This shortfall is not due to our base production, which has consistently performed within expectation, but is caused by delays in production startup of development projects. The most significant of the delays in the Alvheim and Vilje projects in Norway and the Neptune project in the Gulf of Mexico.
In November 2006 guidance, the Alvheim and Vilje projects were to start production in the first quarter of 2007. We now expect startup at the end of the first quarter of 2008.
The initial expectation would have resolved it in nearly a full-year production in 2000 at FPSO capacity. Now, we have both the delay startup and the production ramp-up [inaudible] wells in and optimize the operation, all occurring in 2008.
We expect to move the FPSO out of Haugesund in mid-February. We’ll need to start Ammanford where we can install the thrustors and do some additional commissioning that also requires deeper water.
We expect this will take about ten days and then will sail to the field. The biggest threat at this time is having the necessary weather window as we move and position the vessel.
In the 2006 guidance, the Neptune project in the Gulf of Mexico would start production at the beginning of 2008. The operator now expects that first production will occur at the end of the first quarter.
The timing of delivery of major projects has proved difficult in today's volatile environment. These large projects have missed by even a few months and have a significant impact on our quarterly and annual production estimates.
But we remain confident that our growth guidance from 2006 to 2010 of 9% is achievable. Now turning to cost guidance, the 2007 operating cost, excluding FAS 144 impairment, production tax, foreign royalty and exploration fall within the guidance provided.
For 2008, we expect operating cost on a similar basis for the US to range between $23.50 to $26 per barrel of oil equivalent, and for international between $16 and $18.25 per barrel of oil equivalent. I'll now turn it back over to Howard.
Howard J. Thill - Vice President, Investor Relations and Public Affairs
Thanks, Steve. We appreciate that update.
Moving to our downstream businesses in slide 21, full year 2007 segment income totaled $2.1 billion compared to $2.8 billion in 2006. This decrease was largely a result of the challenging refining and wholesale marketing gross margins in the last two quarters of 2007, which lowered our annual average margin $0.044 per gallon year-over-year.
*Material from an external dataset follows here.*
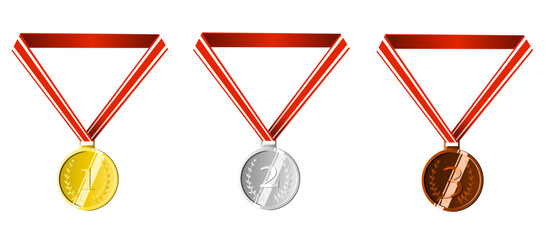 Gold, Silver, and Bronze Medals with Red and White Ribbons - Award Symbols for First, Second, and Third Place Achievements in Competitions and Sports Championships - Vector Illustration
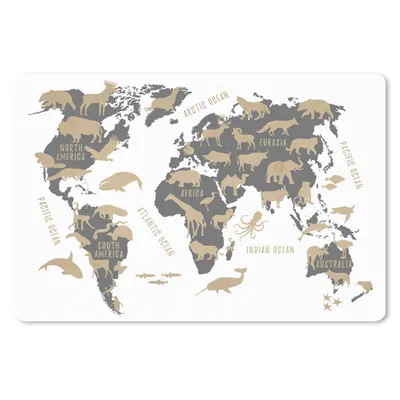 Produktbild von MuchoWow® Schreibtischunterlage Weltkarte - Grau - Tiere 60x40 cm - XXL Mauspad - Großes Mauspad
Turning to slide 22, downstream fourth quarter 2007 segment income totaled $4 million comment to $533 million earned in the same quarter of 2006. Because of the seasonality of the business of the downstream business, I'll compare our fourth quarter results against the same quarter for 2006.
The average LLS 6-3-2-1 crack spread for the quarter on a two-third Chicago and one-third US Gulf Coast basis was weaker in the fourth quarter of 2007 compared to the fourth quarter of 2006, decreasing 25% from $3.19 per barrel to $2.39 per barrel. The most significant factor contributing to the downstream segment's results quarter-to-quarter was that the company's average wholesale sales price realizations in the fourth quarter 2007 did not increase over the comparable prior-year period as much as the average spot market prices viewed in LLS 6-3-2-1 calculation.
The most significant difference was the average price of all the products we sell other than gasoline and distillate only increased about $0.28 per gallon from the fourth quarter of 2006 to fourth quarter of 2007, whereas the average 3% residual fuel oil price used in the 6-3-2-1 calculation increased almost $0.67 per gallon on average quarter-to-quarter. In addition, our crude oil cost increased substantially more than the quarter-to-quarter change in the average price of LLS would indicate.
The primary reason for this increase was that the market structure for crude oil changed from a contango market, which averaged about $1.83 per barrel in the fourth quarter of 2006, to a backwardated market in the fourth quarter 2007, which averaged about $1.37 per barrel. The change in the market structure substantially increased our acquisition cost for crude oil compared to the change in LLS prices quarter-to-quarter.
We also incurred a loss of $42 million on our foreign crude oil and transit inventory in the fourth quarter of 2007 versus a gain of about $14 million in the same quarter of 2006 due to the change from falling crude oil prices in the fourth quarter of 2006 compared to the rising crude oil prices in the fourth quarter of 2007. We also incurred substantially higher operating and administrative costs in the fourth quarter of 2007, primarily due to higher planned turnaround expense in other maintenance and salaries.
Marathon’s refining and wholesale marketing gross margin includes pretax derivative losses of $427 million for the fourth quarter and $899 million for the full-year compared to pretax derivative gains of $194 million and $400 million in the same periods of 2006. The derivative changes reflect both the realized the effects of close derivative position as well as unrealized effects as a result of marking open derivative positions to market.
Most of our derivatives have an underlying physical commodity transaction. However, the income effect related to our derivatives and the income effect of our underlying physical transaction may not necessarily be recognized in net income in the same period.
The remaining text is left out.